Motorola retools Internet unit
Motorola Inc. is restructuring again. In what has become almost an annual ritual, the electronics giant is shuffling another one of its divisions, this time in an effort to advance the IP industry. The company is splitting its IP Systems Group into three businesses: IP Communications Gateway, IP Systems and Transmission Network Systems.
The IP Communications Gateway business will focus its efforts on consumer applications such as wireless home networking and streaming audio. The applications will be based on Motorola's DOCSIS cable modems. Motorola has shipped roughly 8 million cable modems to date. John Burke will run the unit.

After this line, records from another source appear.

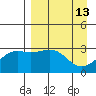 Unalga Bight tide chart for Monday, April 13, 2026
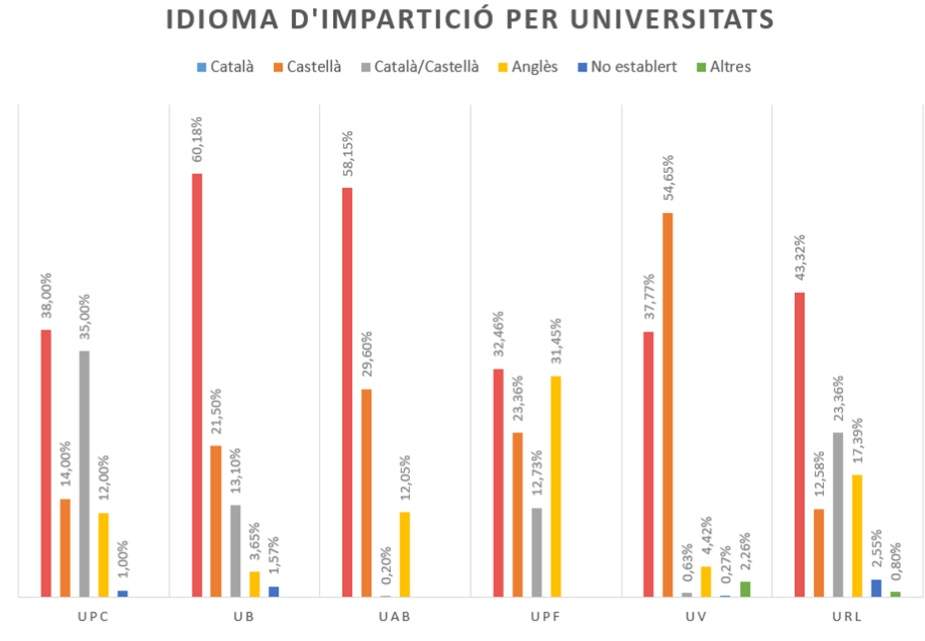 Plataforma por|para la Lengua idioma de impartición Plataforma por|para la Lengua idioma de impartición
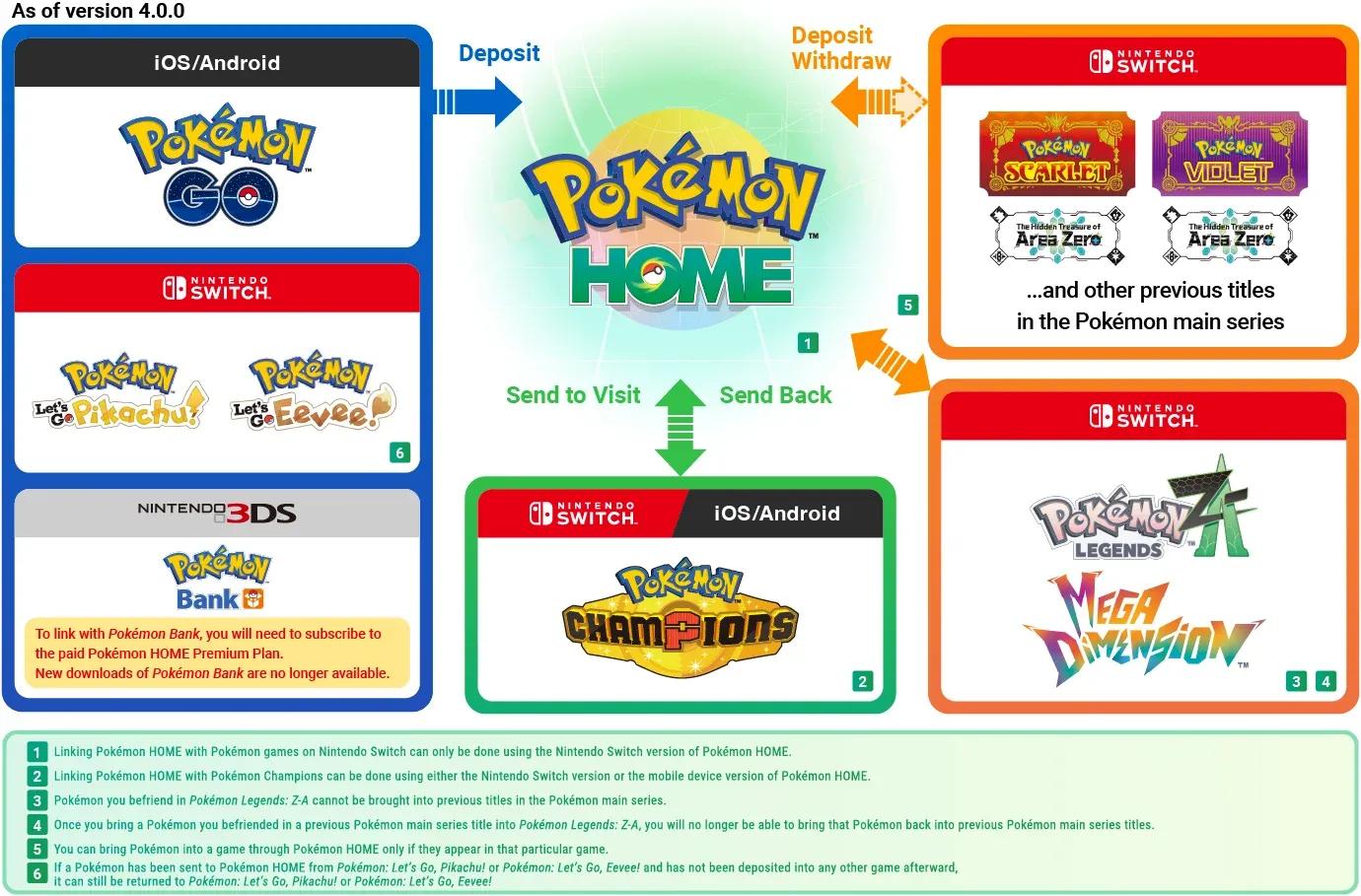 Champions | Pokemon ...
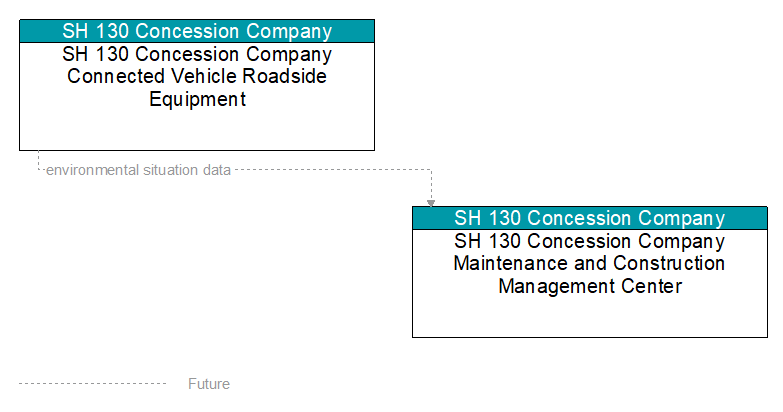 SH 130 Concession Company Connected Vehicle Roadside Equipment to SH 130 Concession Company Maintenance and Construction Management Center Interface Diagram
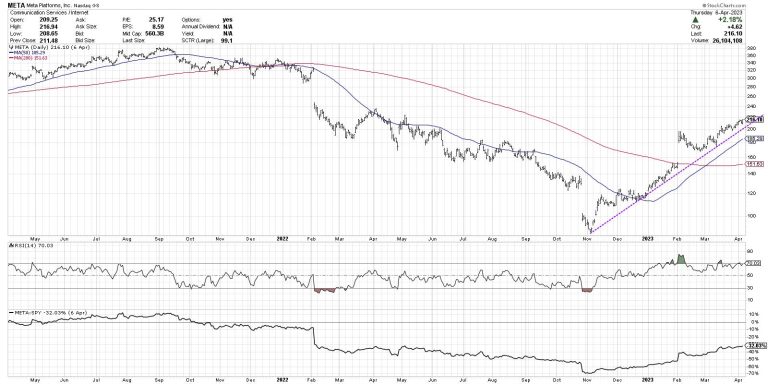 Key Levels for the FAANG Stocks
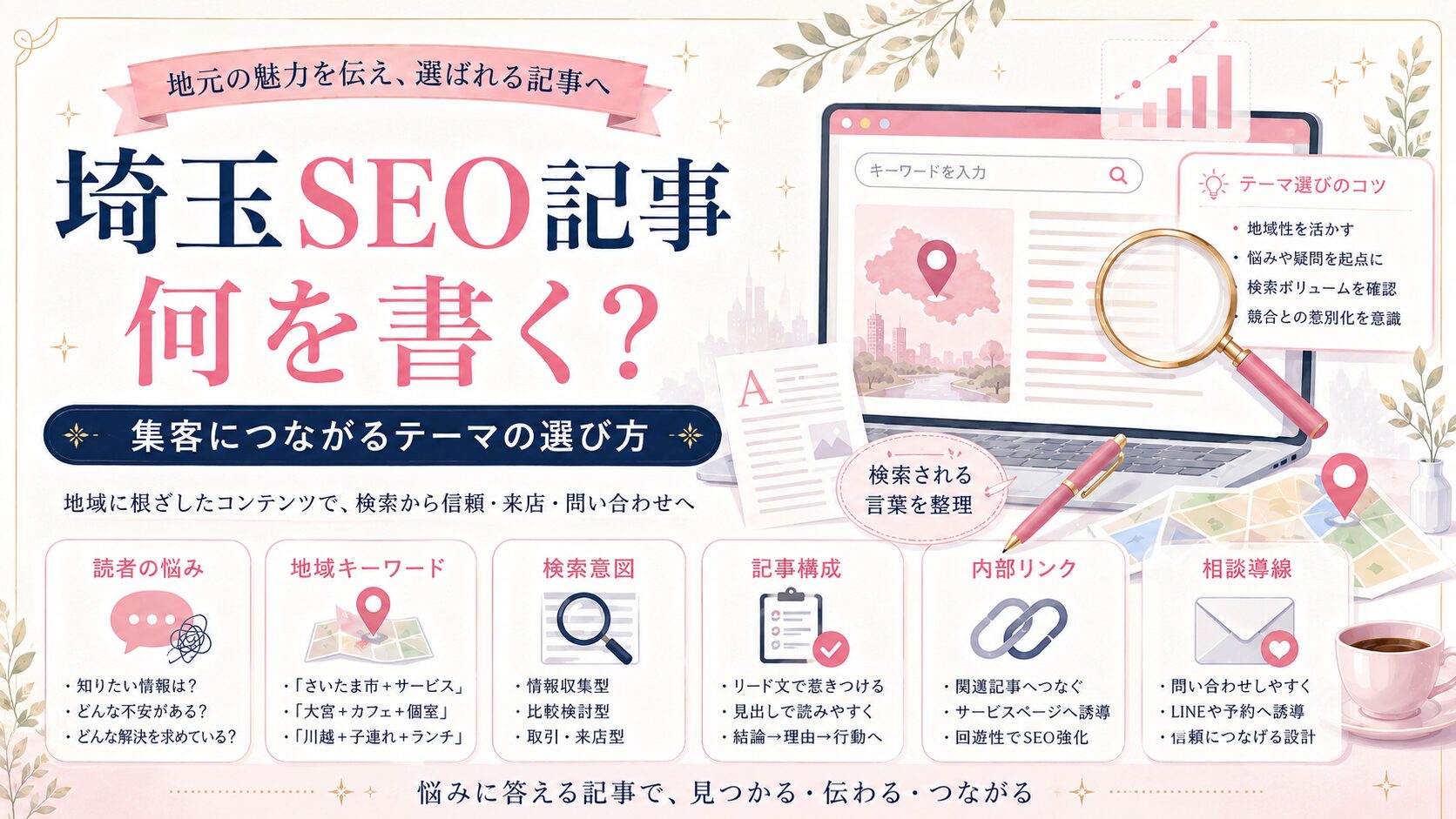 埼玉SEO記事のテーマ選びを、読者の悩み・地域キーワード・検索意図・記事構成・内部リンク・相談導線で整理したアイキャッチ画像。
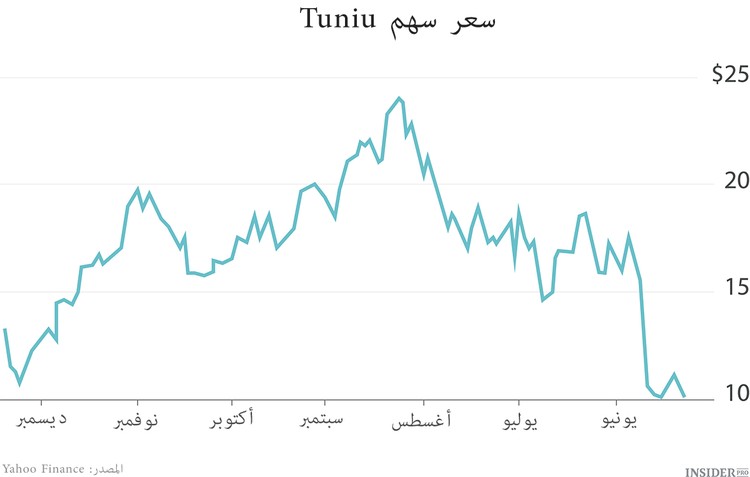 10 إكتتابات صاخبة لعام 2014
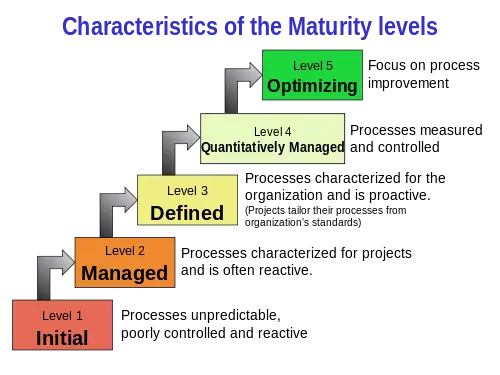 500px-Characteristics_of_Capability_Maturity_Model.svg_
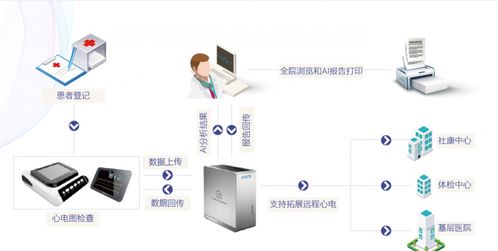 高毛利时代终结,首度亏损的乐普医疗要来交女性用品的智商税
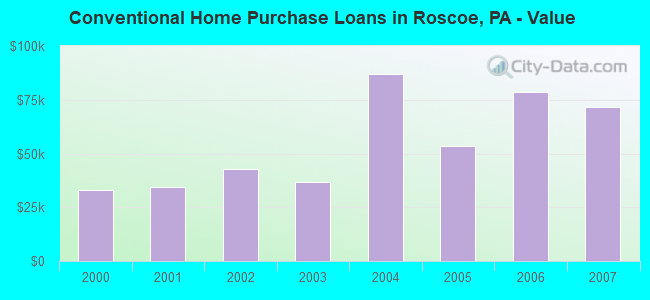 Conventional Home Purchase Loans in Roscoe, PA - Value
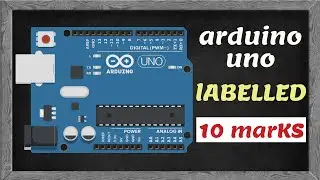 IOT BASICS - ARDUINO UNO PINS AND COMPONENTS - Everything Explained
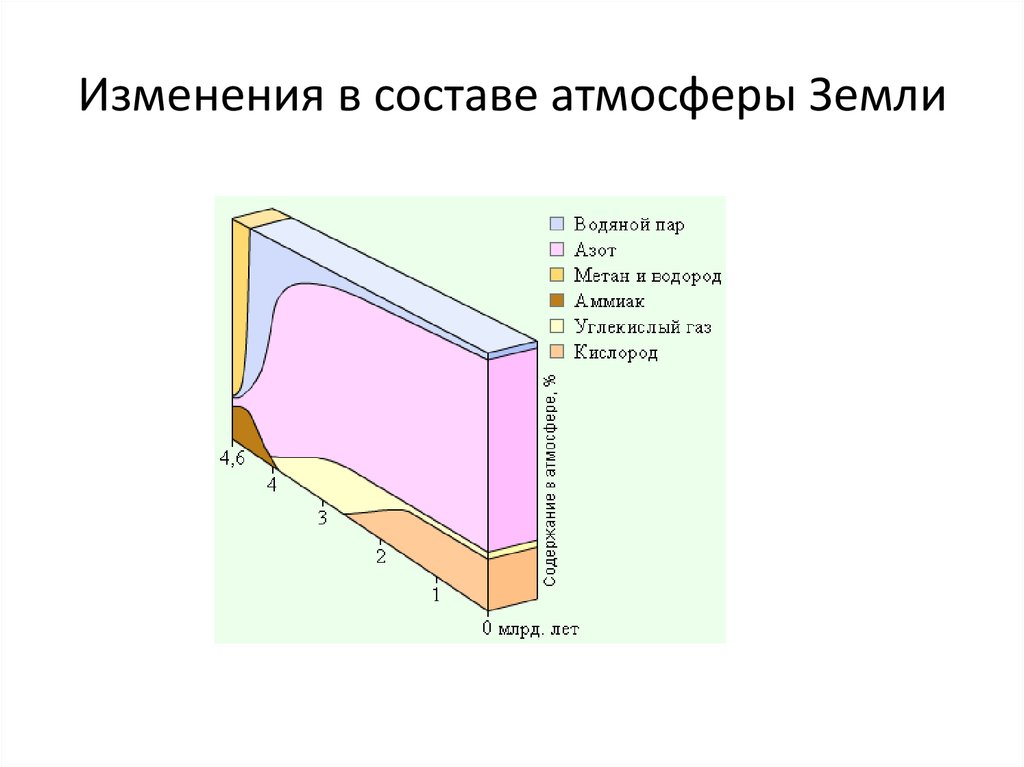 Как меняется состав атмосферного воздуха с высотой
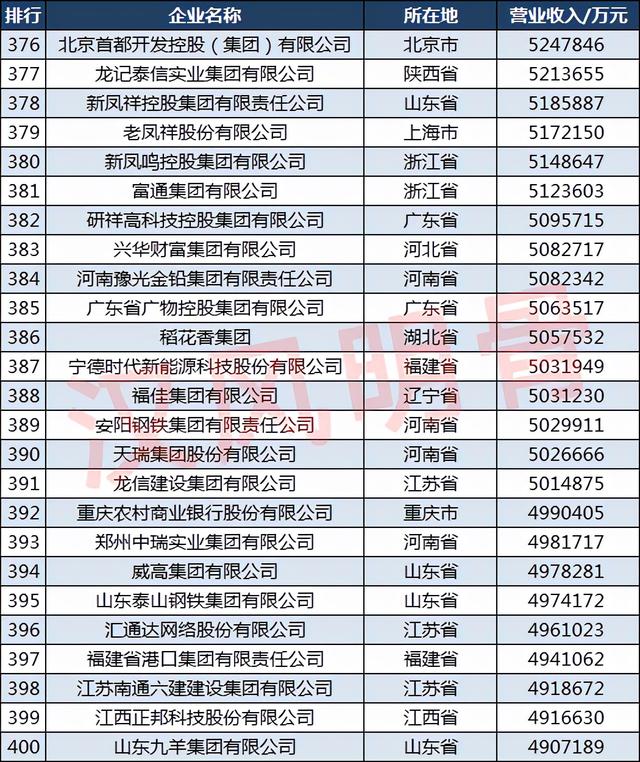 2021中国500强企业分布：山东50家，福建18家，四川14家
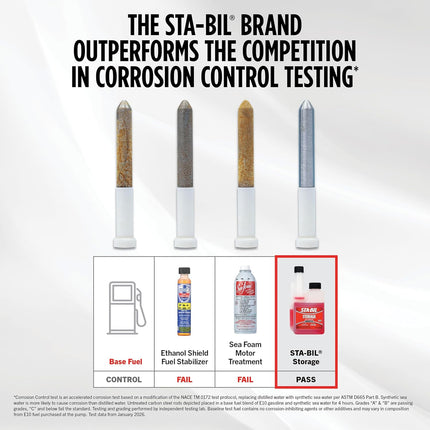 STA-BIL Storage Fuel Stabilizer - Guaranteed To Keep Fuel Fresh Fuel Up To Two Years - Effective In All Gasoline Including All Ethanol Blended Fuels - For Quick, Easy Starts, 4 fl. oz. (22204)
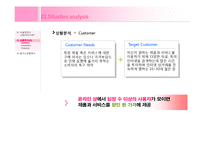 [마케팅 전략] 티몬, 티켓몬스터의 장단점 및 해결방안-4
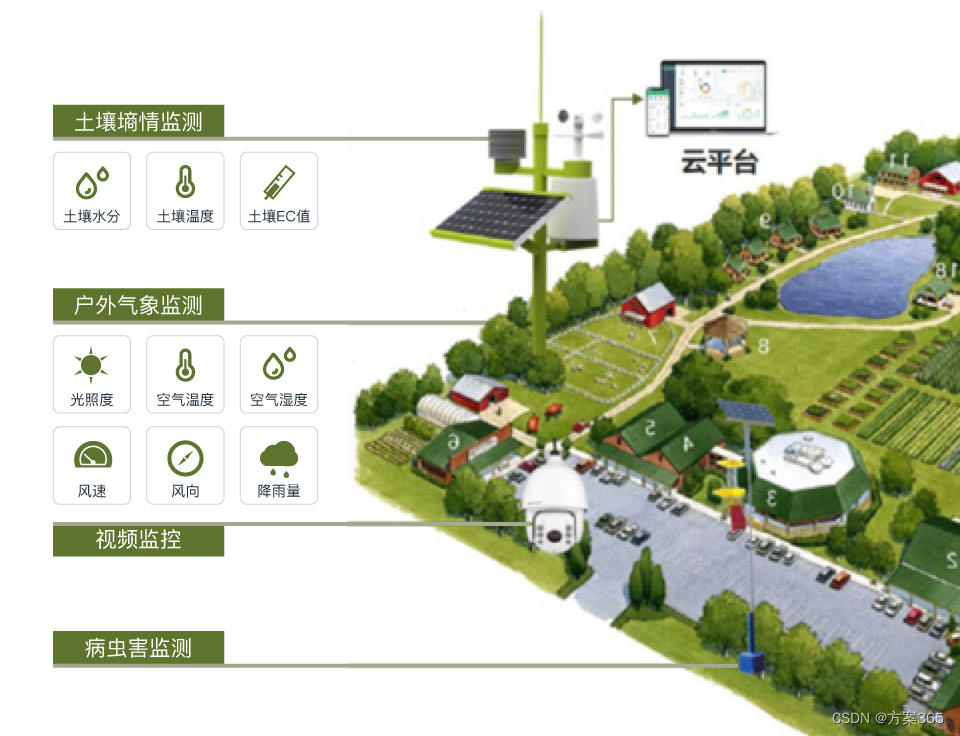 5G 连网技术引领云电脑时代，改变生活提升效率  第7张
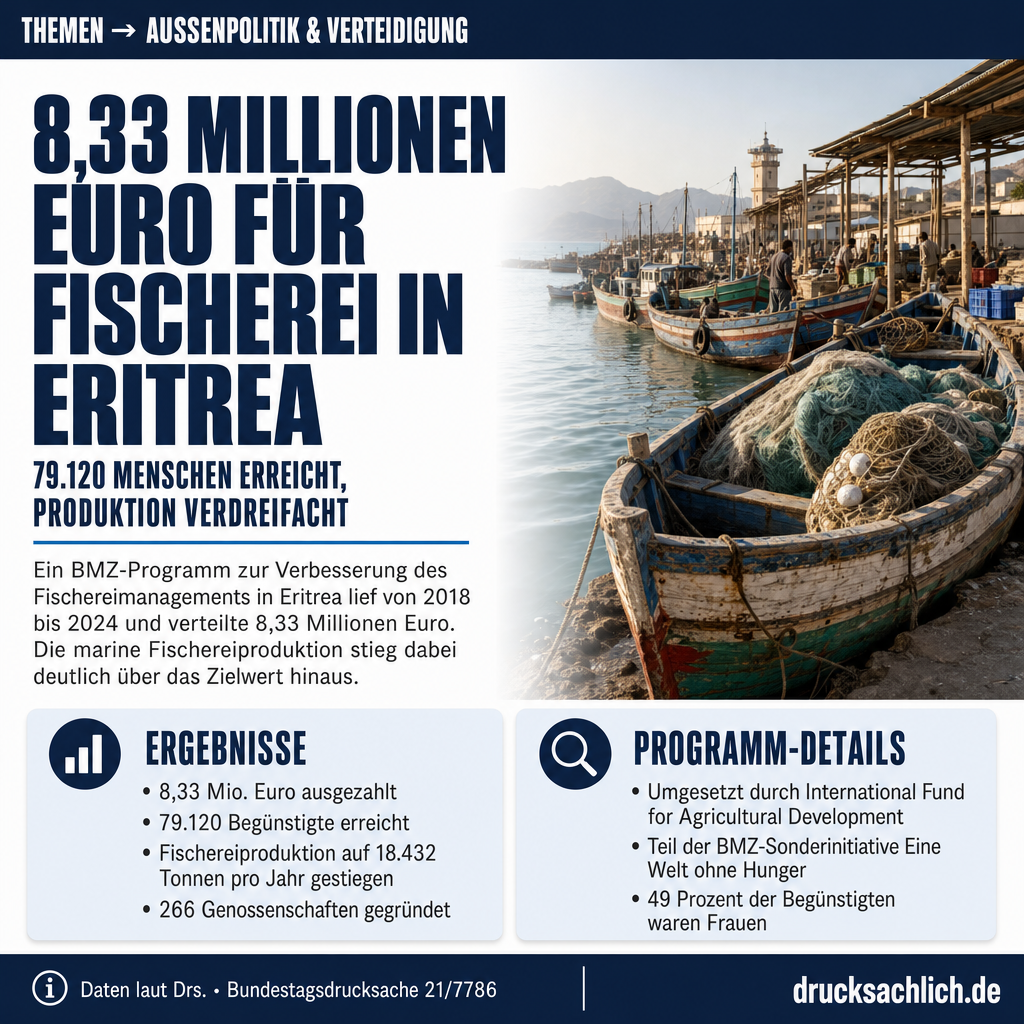 Fischereimanagement Eritrea: 8,33 Mio. Euro, 79.120 Begünstigte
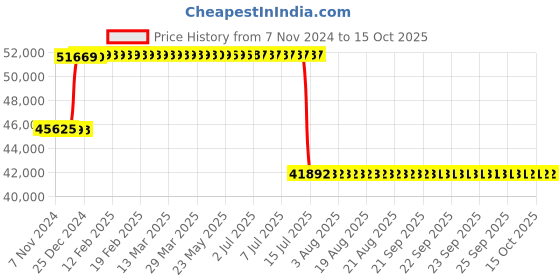 moglix.com Schneider Electric 35kA 800A 4 Pole Easypact CVS MCCB with TMD, LV580301 schneider electric Price History Graph from 7 Nov 2024 to 14 Oct 2025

The IP Systems unit provides new infrastructure technology and service management products. Specifically, the unit will concentrate on supporting broadband video, voice and data applications. Last year, Motorola acquired RiverDelta Networks to enhance its IP network infrastructure product offering. Bruce Swail will lead the IP Systems unit.
The Transmission Network Systems business zeros in on optical networking capabilities and telecommunications, including products designed for high-speed fiber-optic networks. Charles Dougherty will run the TNS unit.
The IP Systems Group was formed in February 2001, when Motorola split its Broadband Communications Sector unit into two separate entities. The Entertainment Group also was split out from the Broadband Communications Sector unit at that time to focus on the North American digital cable market.
Separately, Motorola announced the sale of its Mexico-based set-top box and cable-modem repair business to Manhattan Digital Corp. Financial terms were not disclosed.
Manhattan Digital expects to operate the business out of the existing facility in Matamoros with the same employees.